Meta’s Diem initiative was abandoned in January 2022, but it will forever be regarded as the first, serious, organizational attempt to challenge the status quo of monetary sovereignty and policy. As governments geared up to look for an alternative, the rolling ball started gaining momentum and as of the end of February 2023, CBDC Tracker (https://cbdctracker.org/) points out that Jamaica and Bahamas have already launched their CBDC, about a dozen countries are actively testing their CBDC pilots, and more than a 100 others are either in the POC phase or are actively researching for a CBDC of their own.
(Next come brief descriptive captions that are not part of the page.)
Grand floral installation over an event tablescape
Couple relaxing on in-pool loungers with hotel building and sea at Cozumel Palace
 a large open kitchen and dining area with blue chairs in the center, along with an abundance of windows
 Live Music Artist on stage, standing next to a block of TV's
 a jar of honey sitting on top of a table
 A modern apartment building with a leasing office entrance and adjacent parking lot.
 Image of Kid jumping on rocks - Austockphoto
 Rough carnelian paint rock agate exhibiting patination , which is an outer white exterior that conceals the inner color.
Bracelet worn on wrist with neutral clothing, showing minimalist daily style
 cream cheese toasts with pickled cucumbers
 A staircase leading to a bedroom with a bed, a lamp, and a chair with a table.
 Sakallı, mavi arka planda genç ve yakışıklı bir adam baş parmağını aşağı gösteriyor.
This is probably a good time to get the definitions out of the way. A CBDC can be thought of a third kind of official/sovereign legal tender, in addition to physical cash and central bank reserves. The latter of the two is what enables intermediaries such as banks to operate and should not be confused with our banking deposits. The money that we keep in banks is not Central Bank money, rather those are merely accounting entries that provide the leverage for fractional banking. In simple terms, cash is public money whereas commercial bank deposits are private money.
CBDC is an official and legal tender, which means that once you own some of it, it is mostly equivalent to physical cash in the normal sense. When we think of CBDC, there are broadly three interested parties – the government/central bank issuing the currency, the general public using the currency and the financial intermediaries such as the commercial banks, facilitating the use of the currency. Let’s understand the impact on each of these stakeholders.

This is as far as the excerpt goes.